Write out again, unchanged, the line that has "Roberto Cavalli Snakeskin Sandals" and each following line through the end of the entries below; leave pictures out.

INPUT DATA =>
------------

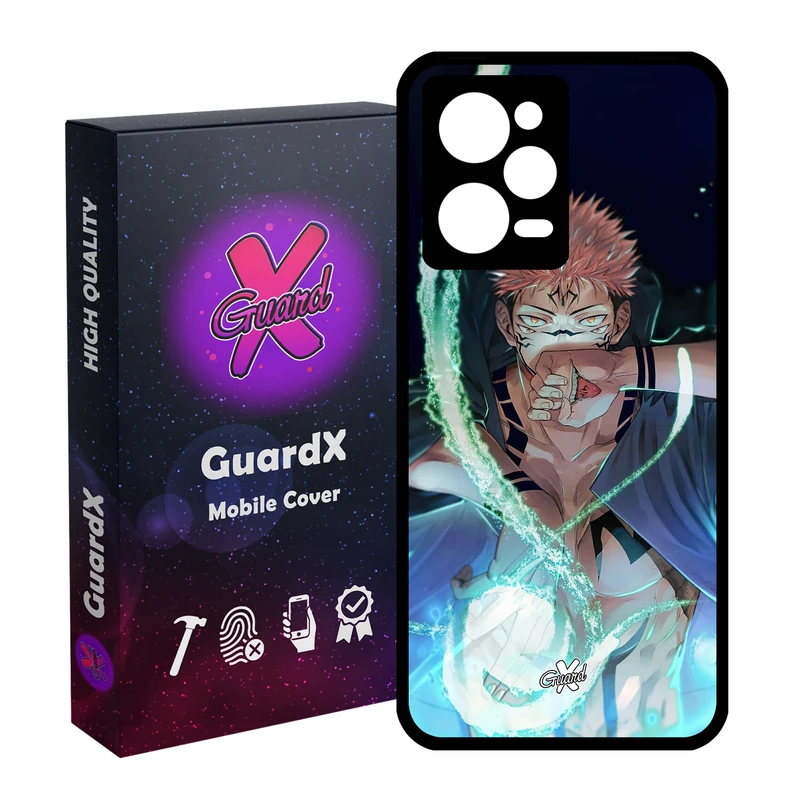 کاور گارد ایکس طرح Sukuna Anime مدل Glass10571 مناسب برای گوشی موبایل شیائومی Redmi Note 12 Pro 5G/Poco X5 Pro 5G/Note 12 Pro Pro speed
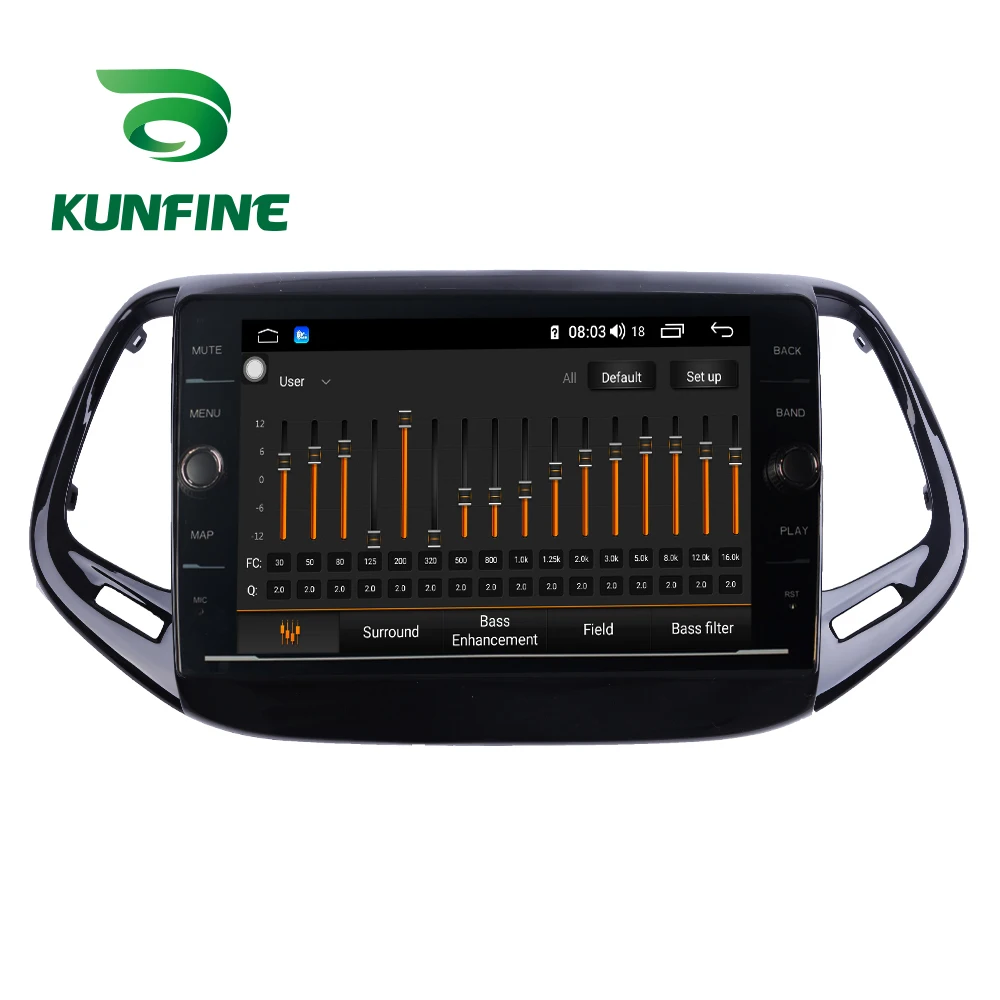 Perfect Octa Core ROM 64GB Android 8.1 Car DVD GPS Navigation Player Deckless Car Stereo for Jeep Compass 2017 Radio Head Unit Wifi 4G 5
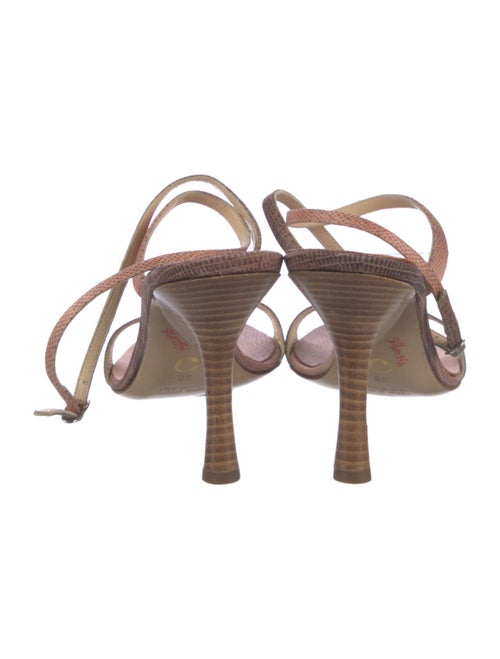 Roberto Cavalli Snakeskin Sandals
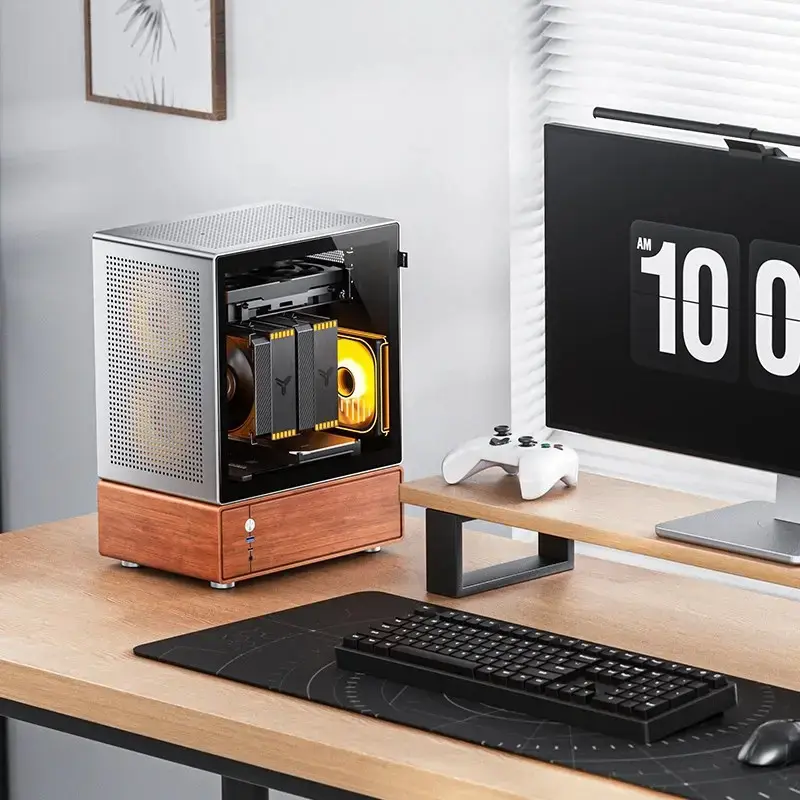 PC-kotelo Jonsbo T7 Midi Tower mATX Tempered Glass hopea
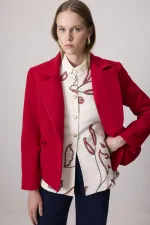 DESENLİ KETEN DOKULU YELEK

------------

REPLY =>
 Roberto Cavalli Snakeskin Sandals
 PC-kotelo Jonsbo T7 Midi Tower mATX Tempered Glass hopea
 DESENLİ KETEN DOKULU YELEK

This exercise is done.